Debt-ridden Midlands consumer-finance group Homebuy plunged into administration owing around £100 million, The Birmingham Post can reveal today.
The news comes as the furious boss of one of the region's best-known advertising agencies said the collapse finished his business when it was hit by an unpaid sum of more than £250,000.
It has also emerged that Aim-listed Homebuy's shareholders are unlikely to receive a return on their investment.
The Aldridge-based business called in administrators PricewaterhouseCoopers last month in the wake of a failed bid to secure refinancing, put in some quarters at around £50 million, from its banks.
One of PwC's joint administrators Rob Hunt said it was hoped to attract a new investor or sell the business as a going concern. Three to four interested parties were in discussions this week.
He said Homebuy owed banks £75 million and its general body of hundreds of creditors a further £25 million.
A PwC spokesman said: "Since the date of their appointment, the joint administrators have been seeking to stabilise the group and explore expressions of interest in the business and assets under their control.
"However, based on the level of interest to date the joint administrators do not anticipate a return to the group's shareholders."
Homebuy - which also has an office at Shirley - hires out electrical equipment such as plasma TVs on a rent-to-buy-basis.
The group's unaudited 2005/06 turnover was £93 million and it employs around 1,500 staff throughout the UK with 100 in the Midlands.
The group has around 100,000 UK customers but faced spiralling debts.
The appointment of administrators on September 15 came after the suspension of shares on August 10 and the "inability of the group to secure additional finding to allow ongoing trading", PwC said.

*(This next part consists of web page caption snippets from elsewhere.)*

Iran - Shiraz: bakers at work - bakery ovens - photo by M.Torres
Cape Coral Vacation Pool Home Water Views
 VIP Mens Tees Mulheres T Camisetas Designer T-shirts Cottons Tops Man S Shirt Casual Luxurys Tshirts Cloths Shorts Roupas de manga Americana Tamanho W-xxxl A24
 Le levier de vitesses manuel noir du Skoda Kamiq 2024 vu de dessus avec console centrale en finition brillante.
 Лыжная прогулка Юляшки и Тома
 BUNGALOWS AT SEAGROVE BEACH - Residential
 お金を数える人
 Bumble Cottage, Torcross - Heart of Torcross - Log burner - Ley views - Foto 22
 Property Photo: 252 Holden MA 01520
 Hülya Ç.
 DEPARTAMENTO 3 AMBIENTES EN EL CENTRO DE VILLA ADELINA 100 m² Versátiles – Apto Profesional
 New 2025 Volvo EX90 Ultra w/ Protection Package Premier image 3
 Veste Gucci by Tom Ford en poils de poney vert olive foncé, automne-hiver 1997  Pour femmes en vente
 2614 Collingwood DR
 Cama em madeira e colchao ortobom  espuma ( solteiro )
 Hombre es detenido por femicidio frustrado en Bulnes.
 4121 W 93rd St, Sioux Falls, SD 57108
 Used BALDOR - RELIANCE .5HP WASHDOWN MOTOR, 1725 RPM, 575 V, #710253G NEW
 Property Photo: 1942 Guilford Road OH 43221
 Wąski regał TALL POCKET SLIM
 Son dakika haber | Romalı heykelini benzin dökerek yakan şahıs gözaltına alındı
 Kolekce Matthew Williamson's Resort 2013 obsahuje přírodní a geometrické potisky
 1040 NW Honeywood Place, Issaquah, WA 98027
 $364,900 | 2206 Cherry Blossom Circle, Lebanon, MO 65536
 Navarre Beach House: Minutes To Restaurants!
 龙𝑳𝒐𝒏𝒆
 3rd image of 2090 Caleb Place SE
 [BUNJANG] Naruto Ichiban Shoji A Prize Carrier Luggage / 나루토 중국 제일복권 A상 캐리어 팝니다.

Homebuy's results for the year to April 2006 were strong, with turnover up 208 per cent to £92.91 million, gross profit up 232 per cent to £69.51 million and pretax profit up by 347 per cent to £12.52 million.
However less than eight weeks later, the group went into administration, and now shareholders are calling for a probe into the collapse.
An angry former boss with Coleshill-based advertising agency Bertram Gough backed calls for an inquiry - saying the failure killed the business he jointly set up 16 years ago. A new operation, run by a former colleague, has now been launched.
Former Bertram Gough chief executive Robert Bertram said: "Homebuy was a major client and when it went into administration owing us in excess of £250,000, which we couldn't sustain, we had to call in the administrators.
"Psychologically, I feel like I have been harmed and financially I've lost my business and my income. I'm very angry, and very disappointed.
"I think there should be an inquiry. It won't help me but at least we'd know how this situation came about."
In a further twist, the business and assets of Bertram Gough were almost at once snapped up by James Hobday, a former director with the company.
Mr Hobday said the business has had been relaunched as BG Communications until the end of the year when it would be rebranded.
Twelve members of Bertram Gough's staff had been retained although five former employees were made redundant.
Matt Hardy, of Poppleton & Appleby, was appointed joint administrator after Bertram Gough ran into trouble.
He said "The business and assets of Bertram Gough Communications have been sold to B G Communications, as a going concern.
"We are still investigating the financial position of the company and it is currently too early to comment on the liabilities and the prospects for creditors."
A spokesman for AIM declined to comment on Homebuy, saying said the market never commented on individual companies.
Nobody would comment directly for Homebuy.